Auf einer Höhe von 2,40 m bis 4,40 m (oberhalb der Doppelstockbetten) wurde insgesamt eine Fläche von 105 Quadratmetern bemalt. Verwendet wurden dabei Leimfarben, die auf eine Kalkgrundierung aufgetragen wurden. Die Laien-Malereien sind plakativ und mit einfachen Mitteln ausgeführt worden. Als einer der Urheber ist der Gefangene David Alloi überliefert. Da die Bilder mit offizieller Erlaubnis angebracht wurden, erschließen sich Anspielungen auf Kritik an den Lebens- und Arbeitsbedingungen erst bei aufmerksamer Betrachtung in auf den ersten Blick beiläufigen Details. Als geschichtliches Dokument sind die Wandbilder im Bremer Holzhafen einzigartig, solche Darstellungen des Gefangenenalltags suchen in Deutschland ihresgleichen.
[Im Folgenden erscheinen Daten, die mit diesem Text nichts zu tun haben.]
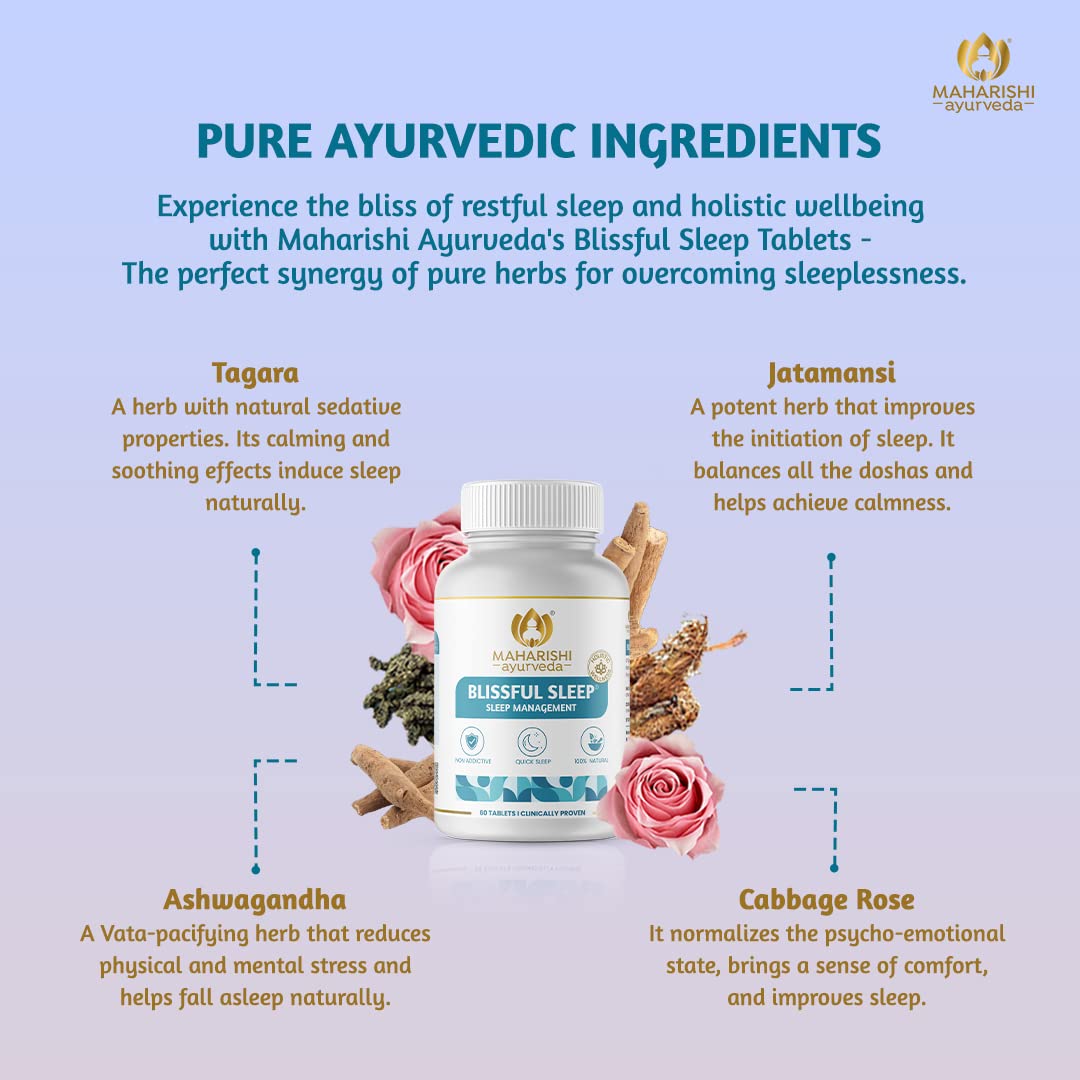 Maharishi Ayurveda Blissful Sleep Tablets – view 4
Lange Zeit waren diese Bilder in Vergessenheit geraten. Denn nach Kriegsende wurde die Halle neu getüncht und wieder zur Einlagerung von Gütern benutzt. Wiederentdeckt wurden sie erst durch den Kontakt des Bremer Pastors Hartmut Drewes mit sowjetischen Zwangsarbeitern in den 1980er Jahren, die von Wandbildern im Lager der Franzosen erzählten. Vor dem drohenden Verfall konnten die Wandmalereien schließlich 1996 gerettet werden. Seit 2001 sind vier von ihnen im Bremer Staatsarchiv Bremen ausgestellt.
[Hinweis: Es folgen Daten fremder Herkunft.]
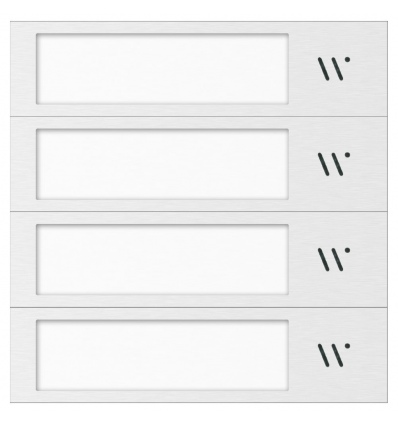 XtendLan modul 4x tlačítko dotykové (DPC-IP81 a DPC-D281)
Ein Bild wurde am 18. Juni 2005 von einer Bremer Bürgerdelegation als Dauerleihgabe in das Mémorial pour la paix in Caen überbracht, im Rahmen eines deutsch-französischen Projekts anlässlich des 60. Jahrestages der Befreiung. Federführend waren die Historikerinnen Françoise Passera auf französischer und Helga Bories-Sawala auf deutscher Seite. Wenige Tage bevor Passera zur Einweihung eines weiteren Wandbildes im Bremer Hafenmuseum Speicher XI im Beisein ehemaliger Kriegsgefangener und Zwangsarbeiter nach Bremen reiste, entdeckte sie bei ihrem Bruder Christian Leroux in Orleans ein Bild der Admiral Brommy, das dieser auf einem Flohmarkt erstanden hatte. Als sie die Signatur „David Alloi“ und die Datierung sahen, stellten die Wissenschaftlerinnen sofort den Zusammenhang her. 2023 schenkte das Ehepaar Leroux das Aquarell der Brommy dem Focke-Museum.
Damit wird der Öffentlichkeit der Blick auf ein Stück bremischer Geschichte wieder zugänglich, welches aus dem Stadtbild so gut wie völlig verschwunden ist.